• [Data excerpts]:

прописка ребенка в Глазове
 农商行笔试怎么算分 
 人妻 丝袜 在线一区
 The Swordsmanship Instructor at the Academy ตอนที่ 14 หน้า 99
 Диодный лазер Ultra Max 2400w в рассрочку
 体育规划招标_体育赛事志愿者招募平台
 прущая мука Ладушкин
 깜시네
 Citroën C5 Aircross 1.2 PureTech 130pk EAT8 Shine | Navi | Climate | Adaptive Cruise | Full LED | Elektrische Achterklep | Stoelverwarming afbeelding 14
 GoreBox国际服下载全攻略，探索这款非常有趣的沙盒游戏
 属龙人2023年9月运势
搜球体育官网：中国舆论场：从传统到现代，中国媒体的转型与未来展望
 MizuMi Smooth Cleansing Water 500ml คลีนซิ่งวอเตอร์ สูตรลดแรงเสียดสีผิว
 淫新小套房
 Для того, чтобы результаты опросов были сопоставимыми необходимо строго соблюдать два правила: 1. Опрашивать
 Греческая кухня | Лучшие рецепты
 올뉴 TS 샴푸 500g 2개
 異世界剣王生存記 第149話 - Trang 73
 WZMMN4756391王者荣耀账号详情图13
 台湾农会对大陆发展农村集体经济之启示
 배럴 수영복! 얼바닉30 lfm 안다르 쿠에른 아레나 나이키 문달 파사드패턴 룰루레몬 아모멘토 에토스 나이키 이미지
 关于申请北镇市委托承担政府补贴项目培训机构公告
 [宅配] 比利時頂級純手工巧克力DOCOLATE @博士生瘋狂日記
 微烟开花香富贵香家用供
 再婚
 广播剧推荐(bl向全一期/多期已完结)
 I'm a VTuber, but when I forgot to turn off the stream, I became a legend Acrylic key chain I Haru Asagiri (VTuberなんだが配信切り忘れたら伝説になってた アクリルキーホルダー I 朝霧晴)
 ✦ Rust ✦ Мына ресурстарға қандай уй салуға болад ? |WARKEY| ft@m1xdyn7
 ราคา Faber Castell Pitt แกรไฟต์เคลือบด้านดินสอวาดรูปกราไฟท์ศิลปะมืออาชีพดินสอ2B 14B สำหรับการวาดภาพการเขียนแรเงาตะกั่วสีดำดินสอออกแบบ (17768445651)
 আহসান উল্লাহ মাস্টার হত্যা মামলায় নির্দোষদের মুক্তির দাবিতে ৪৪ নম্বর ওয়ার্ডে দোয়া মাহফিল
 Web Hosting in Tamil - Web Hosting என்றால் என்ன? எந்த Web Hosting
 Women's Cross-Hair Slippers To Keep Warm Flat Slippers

• [Problem requirements]:
The line containing "MizuMi Smooth Cleansing" marks where to begin; the last line of the records marks where to stop. Copy both and all between, exactly.

• [Your response]:
 MizuMi Smooth Cleansing Water 500ml คลีนซิ่งวอเตอร์ สูตรลดแรงเสียดสีผิว
 淫新小套房
 Для того, чтобы результаты опросов были сопоставимыми необходимо строго соблюдать два правила: 1. Опрашивать
 Греческая кухня | Лучшие рецепты
 올뉴 TS 샴푸 500g 2개
 異世界剣王生存記 第149話 - Trang 73
 WZMMN4756391王者荣耀账号详情图13
 台湾农会对大陆发展农村集体经济之启示
 배럴 수영복! 얼바닉30 lfm 안다르 쿠에른 아레나 나이키 문달 파사드패턴 룰루레몬 아모멘토 에토스 나이키 이미지
 关于申请北镇市委托承担政府补贴项目培训机构公告
 [宅配] 比利時頂級純手工巧克力DOCOLATE @博士生瘋狂日記
 微烟开花香富贵香家用供
 再婚
 广播剧推荐(bl向全一期/多期已完结)
 I'm a VTuber, but when I forgot to turn off the stream, I became a legend Acrylic key chain I Haru Asagiri (VTuberなんだが配信切り忘れたら伝説になってた アクリルキーホルダー I 朝霧晴)
 ✦ Rust ✦ Мына ресурстарға қандай уй салуға болад ? |WARKEY| ft@m1xdyn7
 ราคา Faber Castell Pitt แกรไฟต์เคลือบด้านดินสอวาดรูปกราไฟท์ศิลปะมืออาชีพดินสอ2B 14B สำหรับการวาดภาพการเขียนแรเงาตะกั่วสีดำดินสอออกแบบ (17768445651)
 আহসান উল্লাহ মাস্টার হত্যা মামলায় নির্দোষদের মুক্তির দাবিতে ৪৪ নম্বর ওয়ার্ডে দোয়া মাহফিল
 Web Hosting in Tamil - Web Hosting என்றால் என்ன? எந்த Web Hosting
 Women's Cross-Hair Slippers To Keep Warm Flat Slippers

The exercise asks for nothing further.